New Year’s Celebration

Another thing I’ve noticed about New Year’s resolutions is that they tend to focus on the things we’re doing wrong. “We’re not kind enough in this family. This year, we’re going to be kind!” Well, who wants a constant reminder of how they’ve failed or how they are failing every day?

So this year, I will continue my practice of no resolutions and instead just look back at the year and celebrate things we did well. I spend enough time beating myself up over being too fat or too lazy or spending too much time on social media or whatever. I do actually do some things right. Why not focus on those and keep them up? How about focusing more on how to increase those things in my life because I’m already doing them. How hard can it be to do just a little more of them?

Old Year Resolved

So this year, I’m thinking back about some things my family and I did well. And since it’s my blog, I’m going to brag a bit on them:

  • Time Together  I admit it. I lament the amount of time we devoted to technology this year. However, when I look back, I see that we also spent a lot of time together. We watched movies. We found out we all liked watching Agents of Shield (some of us more than others) and watched plenty of that. We did crafts, sometimes together and sometimes just in the same room. We devoted at least twenty minutes just about every evening to a technology-free, interruption-free dinner, and we had fun while we sat around the table talking about how school was or who made what in Minecraft.

    IMG_0458

    Family and friends being kind to each other. My mom was mobbed by the children. Even one of the small group kids got in on the fun, which made it even sweeter!

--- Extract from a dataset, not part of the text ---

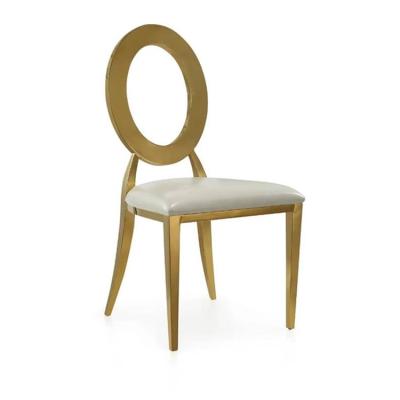 China Fashion factory price rose gold mental round back dining chair fashion creative chairs for wedding for sale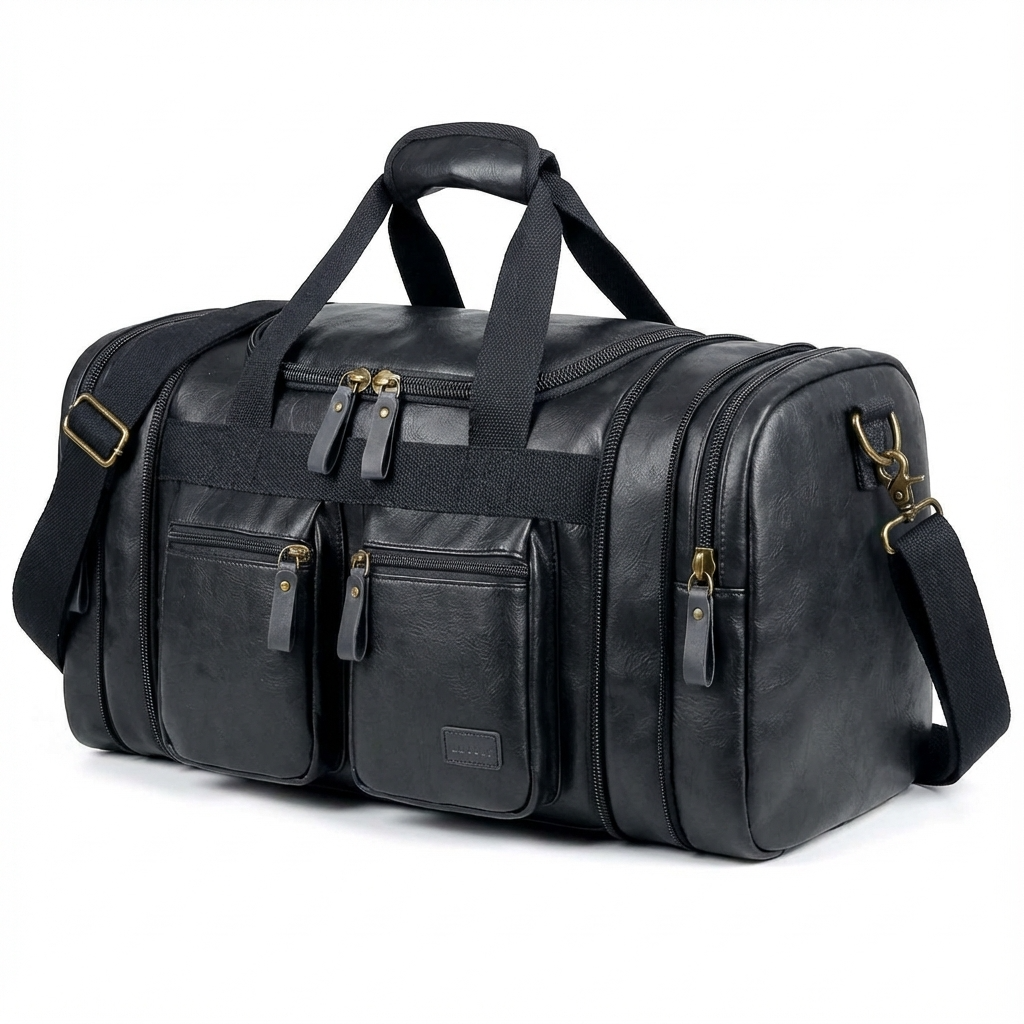 Men's Vegan Leather Duffel Bag – Organized Travel Carry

  • Time with Friends I think we’re great at having family friends. This hasn’t always been something we’ve done well. In fact, for a lot of years we struggled with this, but now that the kids are older we have a lot of fun with our small group and with some of the students, all of whom have become more like family than friends to us.
  • Kindness  I know my kids don’t remember the theme, but I think it made a difference anyway. They still bicker sometimes, but I’ve seen them do some very kind things for one another. Now that I’m looking for it more, I see it more. I see them hug each other good night sometimes. I’ve heard them say “I love you” to each other before bed. Unprovoked. Yesterday Hannah couldn’t open one of her Christmas gifts, and before I could do anything she turned to Alex, who opened it without comment. Andrew and I haven’t always been the best examples of kindness, but this year I think we’ve made a concentrated effort on being kinder to one another. Maybe that trickles down to them. Whatever the case, I’m happy with it!